Ontario MPP
- In office 1914–1919
- Preceded by: Henry Scholfield
- Succeeded by: Caleb Henry Buckland
- Constituency: Wellington South

36th Mayor of Guelph, Ontario
- In office 1913–1914
- Preceded by: George Thorpe
- Succeeded by: H. Mahoney

Personal details
- Born: December 8, 1859 Ruddington, Nottinghamshire, England
- Died: June 16, 1944 (aged 84) Guelph, Ontario
- Party: Liberal-Prohibitionist
- Occupation: Manufacturer, politician

= Samuel Carter (Canadian politician) =

Canadian politician (1859–1944)

Samuel Carter (December 8, 1859 – June 16, 1944) was a Canadian manufacturer and politician. He represented Wellington South in the Legislative Assembly of Ontario from 1914 to 1919 as a Liberal-Prohibitionist. In 1919 he subsequently ran as an Independent Liberal and was defeated by Caleb Buckland.

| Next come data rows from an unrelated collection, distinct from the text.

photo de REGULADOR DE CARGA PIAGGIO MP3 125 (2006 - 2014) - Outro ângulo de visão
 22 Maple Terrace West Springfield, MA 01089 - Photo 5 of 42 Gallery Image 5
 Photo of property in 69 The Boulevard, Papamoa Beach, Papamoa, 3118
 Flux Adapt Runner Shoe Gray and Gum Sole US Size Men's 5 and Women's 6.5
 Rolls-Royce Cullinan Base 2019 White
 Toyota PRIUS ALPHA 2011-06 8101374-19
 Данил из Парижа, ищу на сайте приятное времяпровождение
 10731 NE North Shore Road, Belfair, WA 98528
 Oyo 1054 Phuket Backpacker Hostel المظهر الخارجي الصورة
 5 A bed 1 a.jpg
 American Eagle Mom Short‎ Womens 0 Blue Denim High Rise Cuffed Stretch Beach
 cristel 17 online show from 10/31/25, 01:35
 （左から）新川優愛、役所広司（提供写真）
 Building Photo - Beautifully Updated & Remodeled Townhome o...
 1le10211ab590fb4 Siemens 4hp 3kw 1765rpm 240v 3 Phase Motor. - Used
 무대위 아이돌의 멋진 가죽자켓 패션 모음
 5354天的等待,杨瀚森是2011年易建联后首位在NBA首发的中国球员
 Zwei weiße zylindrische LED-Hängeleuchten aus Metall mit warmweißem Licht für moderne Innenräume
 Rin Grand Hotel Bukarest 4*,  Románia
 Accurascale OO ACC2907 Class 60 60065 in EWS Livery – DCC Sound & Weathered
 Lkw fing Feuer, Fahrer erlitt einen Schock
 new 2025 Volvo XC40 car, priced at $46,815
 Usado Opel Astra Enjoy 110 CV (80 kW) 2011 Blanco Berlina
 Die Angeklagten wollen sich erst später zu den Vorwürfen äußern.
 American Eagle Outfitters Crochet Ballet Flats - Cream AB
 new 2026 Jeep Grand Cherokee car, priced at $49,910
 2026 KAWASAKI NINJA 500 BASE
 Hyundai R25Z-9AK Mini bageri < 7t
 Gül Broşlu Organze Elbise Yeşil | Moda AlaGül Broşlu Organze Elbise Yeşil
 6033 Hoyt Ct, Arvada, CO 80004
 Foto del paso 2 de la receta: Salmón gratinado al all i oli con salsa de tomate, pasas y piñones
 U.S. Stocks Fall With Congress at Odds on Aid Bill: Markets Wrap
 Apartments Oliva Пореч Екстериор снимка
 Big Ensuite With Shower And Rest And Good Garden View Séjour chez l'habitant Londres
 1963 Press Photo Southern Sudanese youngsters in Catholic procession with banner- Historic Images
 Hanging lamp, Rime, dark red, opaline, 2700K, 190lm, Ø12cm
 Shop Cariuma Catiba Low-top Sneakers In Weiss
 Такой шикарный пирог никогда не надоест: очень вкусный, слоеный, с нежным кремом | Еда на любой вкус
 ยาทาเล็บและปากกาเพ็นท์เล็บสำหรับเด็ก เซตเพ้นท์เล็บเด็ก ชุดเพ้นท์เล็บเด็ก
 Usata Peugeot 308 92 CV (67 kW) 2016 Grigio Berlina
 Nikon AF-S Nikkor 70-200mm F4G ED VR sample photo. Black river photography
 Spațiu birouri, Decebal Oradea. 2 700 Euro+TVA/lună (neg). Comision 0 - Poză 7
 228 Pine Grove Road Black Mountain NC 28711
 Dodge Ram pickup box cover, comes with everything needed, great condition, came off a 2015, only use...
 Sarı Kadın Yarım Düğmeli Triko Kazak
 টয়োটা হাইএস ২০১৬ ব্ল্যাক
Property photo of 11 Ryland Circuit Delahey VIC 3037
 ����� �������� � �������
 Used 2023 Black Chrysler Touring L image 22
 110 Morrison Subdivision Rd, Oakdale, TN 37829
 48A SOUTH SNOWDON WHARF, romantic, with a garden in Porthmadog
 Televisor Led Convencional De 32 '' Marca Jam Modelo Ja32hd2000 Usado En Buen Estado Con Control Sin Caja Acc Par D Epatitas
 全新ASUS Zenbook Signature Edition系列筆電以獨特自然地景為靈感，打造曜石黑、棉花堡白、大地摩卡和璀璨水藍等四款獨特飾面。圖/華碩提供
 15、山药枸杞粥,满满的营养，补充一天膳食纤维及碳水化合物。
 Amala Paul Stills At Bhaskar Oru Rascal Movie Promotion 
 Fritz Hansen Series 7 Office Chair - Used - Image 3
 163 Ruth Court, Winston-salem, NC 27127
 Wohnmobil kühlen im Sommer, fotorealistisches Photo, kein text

Carter was born in Ruddington, Nottinghamshire, England, the son of Samuel Carter, and went to Ontario in 1882. He owned a knitting mill. He was the mayor of Guelph from 1913 to 1914. He was vice-president of the Hydro-Electric Union and chairman of the Heat and Light Commission for the city. He was also president of the Workingman's Co-operative Association of Guelph. In 1909, he became the first president of the Co-operative Union of Canada (later part of the Canadian Co-operative Association), serving until 1921. Carter was an unsuccessful candidate for a seat in the federal parliament in 1921. He died at his home in Guelph in 1944.

Carter donated the Elms Park playing field to the village of Ruddington in 1931.